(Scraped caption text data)

=-=-=

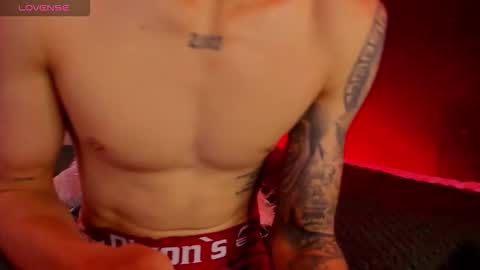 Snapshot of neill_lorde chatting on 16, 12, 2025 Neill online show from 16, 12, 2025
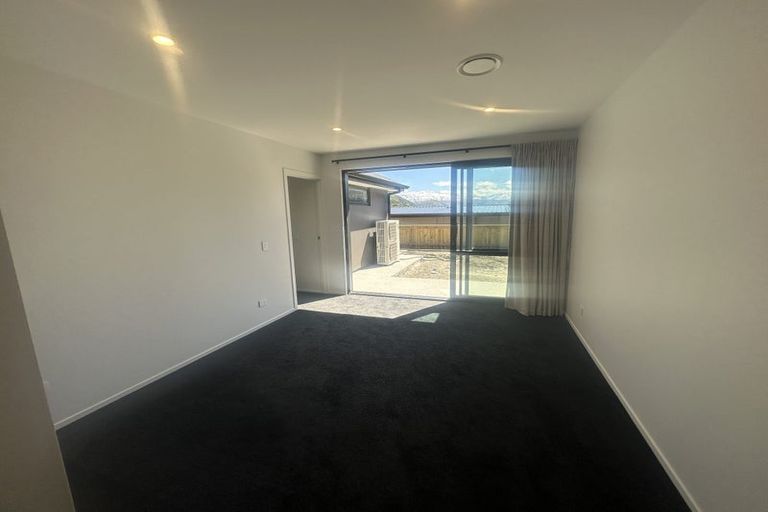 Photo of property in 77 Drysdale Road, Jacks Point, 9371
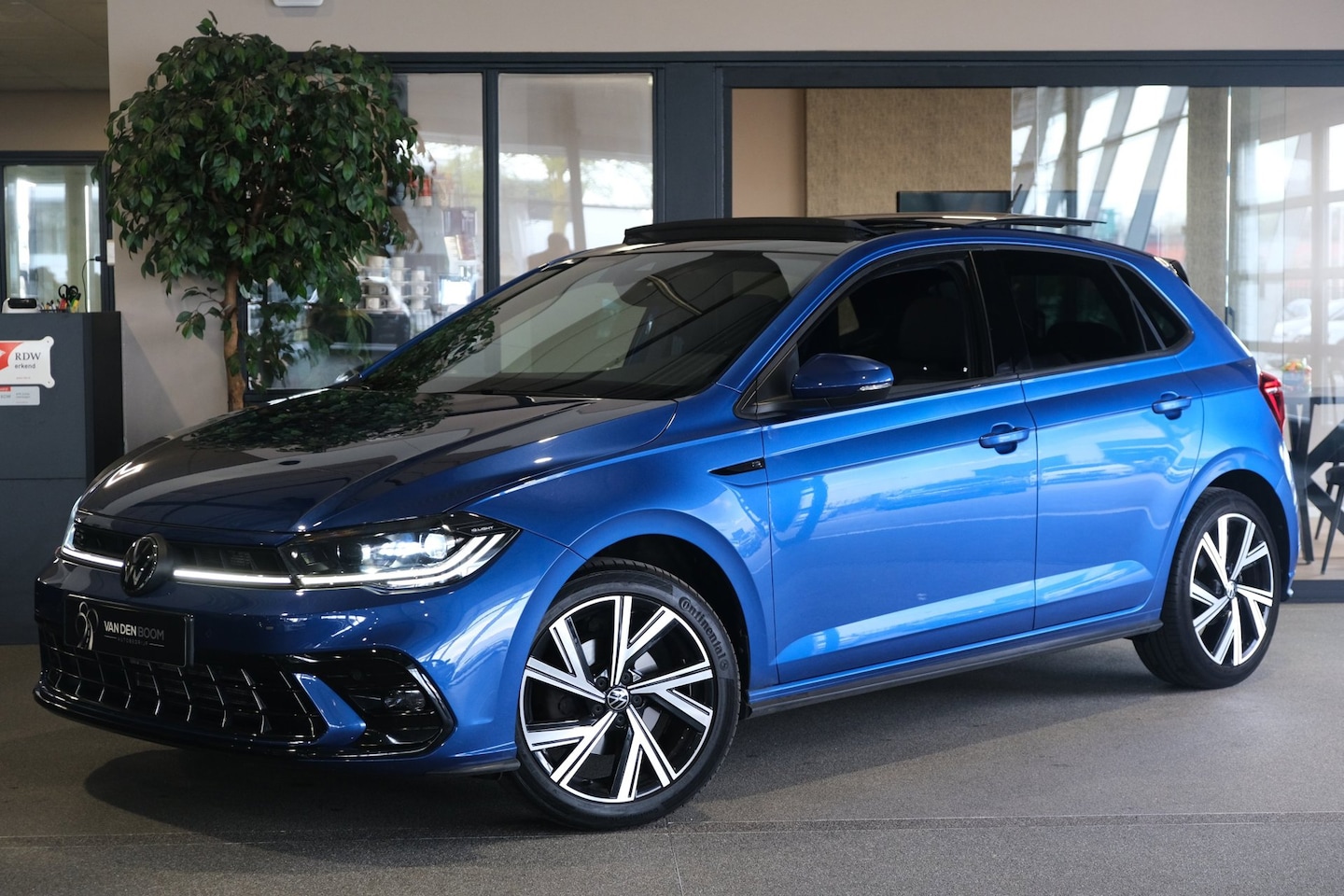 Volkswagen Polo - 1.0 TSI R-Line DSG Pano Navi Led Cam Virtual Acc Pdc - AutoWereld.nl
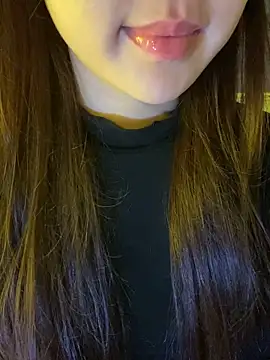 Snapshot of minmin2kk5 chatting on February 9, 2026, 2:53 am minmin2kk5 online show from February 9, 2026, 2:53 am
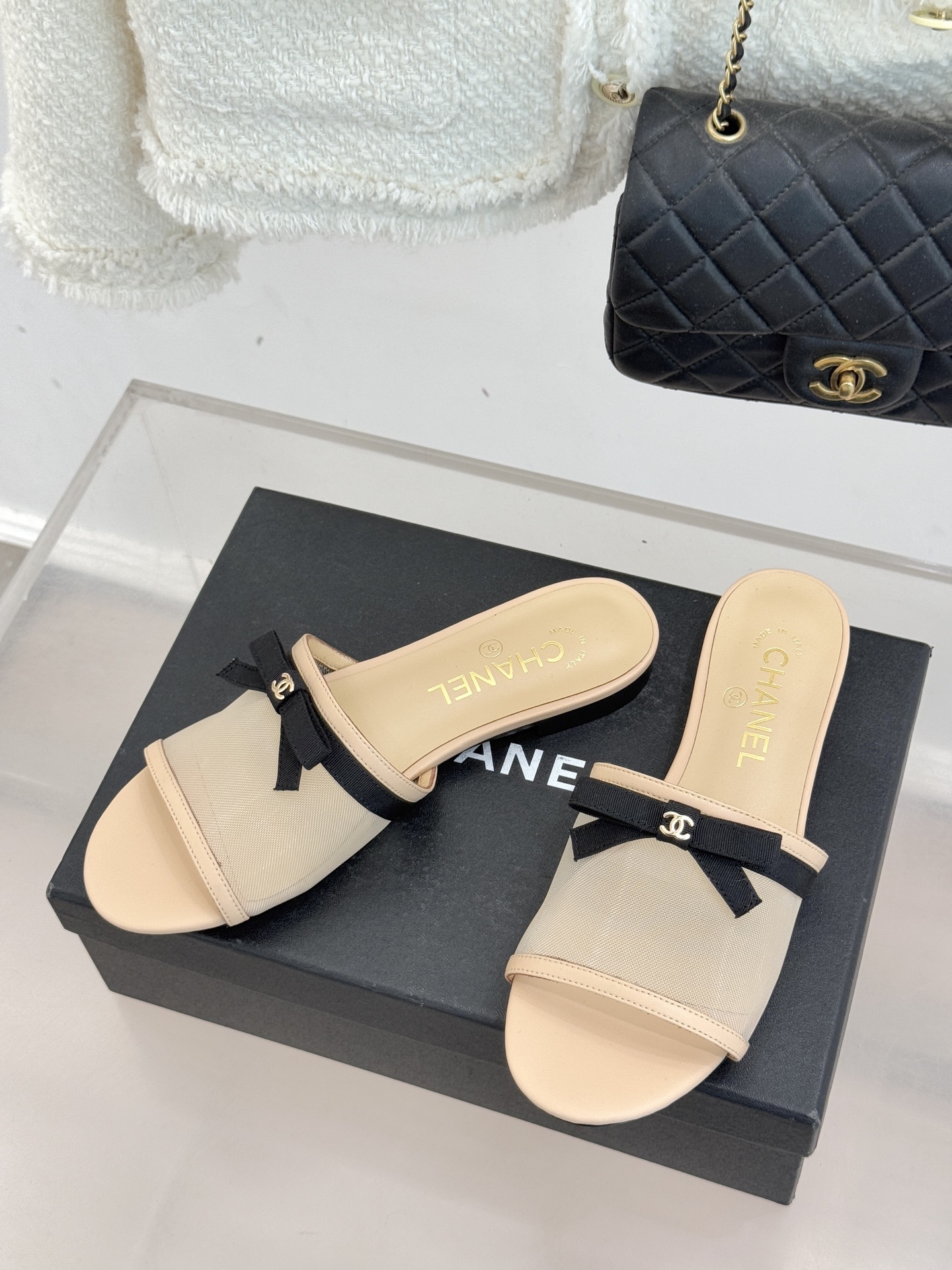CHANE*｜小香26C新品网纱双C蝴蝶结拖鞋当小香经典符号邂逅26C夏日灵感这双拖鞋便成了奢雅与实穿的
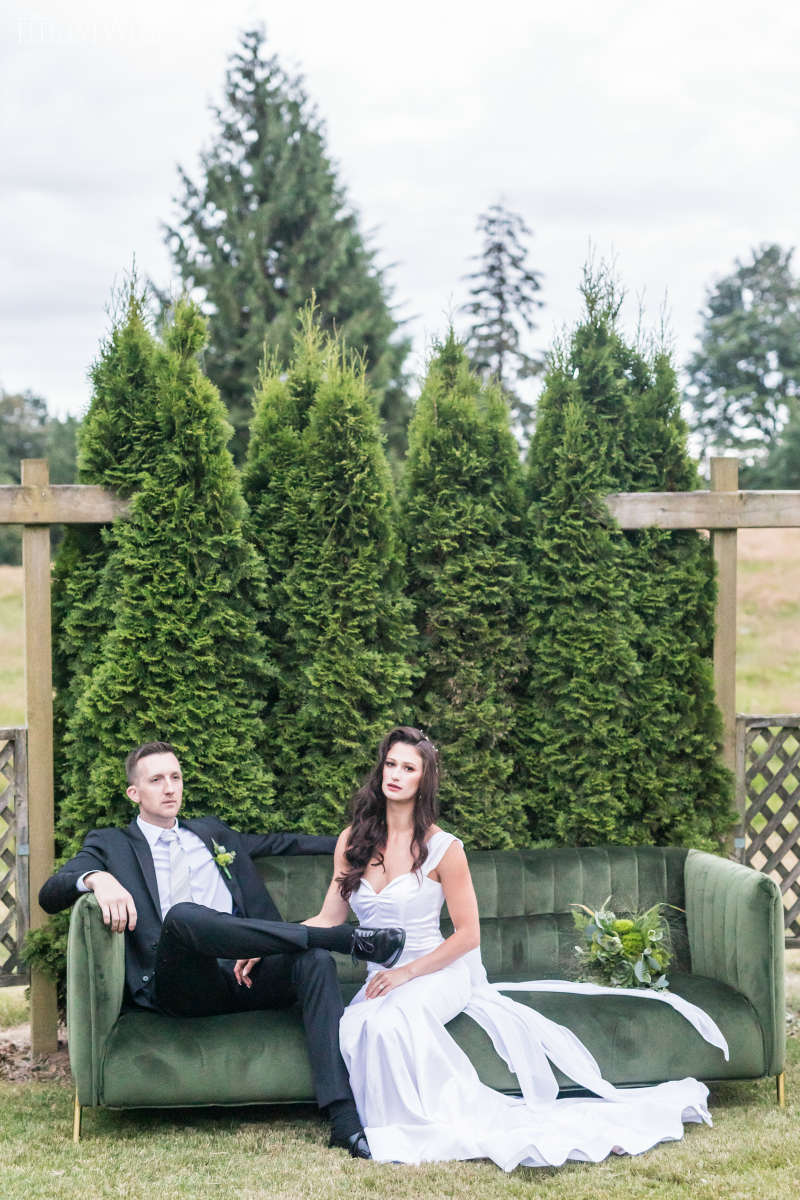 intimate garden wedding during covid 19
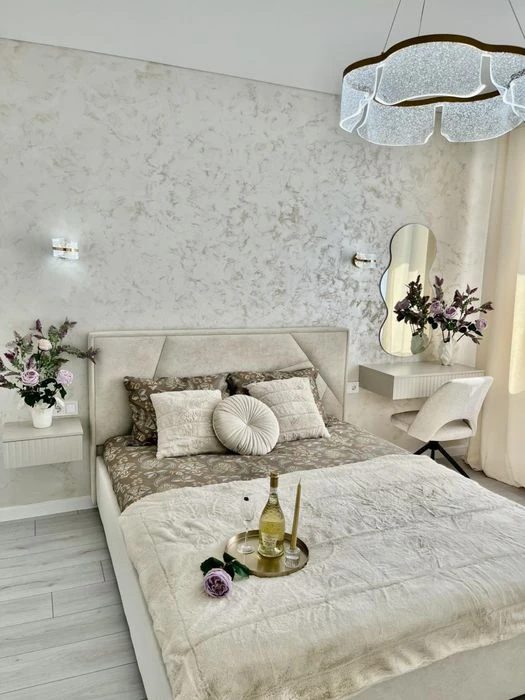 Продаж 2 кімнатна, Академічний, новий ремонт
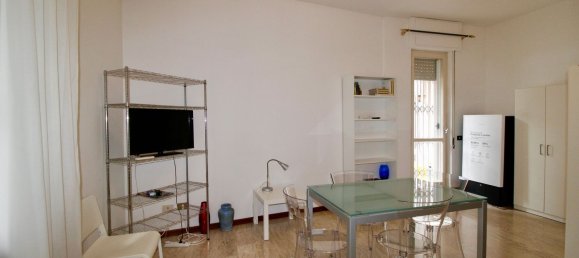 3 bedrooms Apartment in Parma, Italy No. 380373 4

=-=-=

◆ Task goal
Apart from the pictures, write every entry out again exactly.

◆ Response to this exercise
 Snapshot of neill_lorde chatting on 16, 12, 2025 Neill online show from 16, 12, 2025
 Photo of property in 77 Drysdale Road, Jacks Point, 9371
 Volkswagen Polo - 1.0 TSI R-Line DSG Pano Navi Led Cam Virtual Acc Pdc - AutoWereld.nl
 Snapshot of minmin2kk5 chatting on February 9, 2026, 2:53 am minmin2kk5 online show from February 9, 2026, 2:53 am
CHANE*｜小香26C新品网纱双C蝴蝶结拖鞋当小香经典符号邂逅26C夏日灵感这双拖鞋便成了奢雅与实穿的
 intimate garden wedding during covid 19
 Продаж 2 кімнатна, Академічний, новий ремонт
 3 bedrooms Apartment in Parma, Italy No. 380373 4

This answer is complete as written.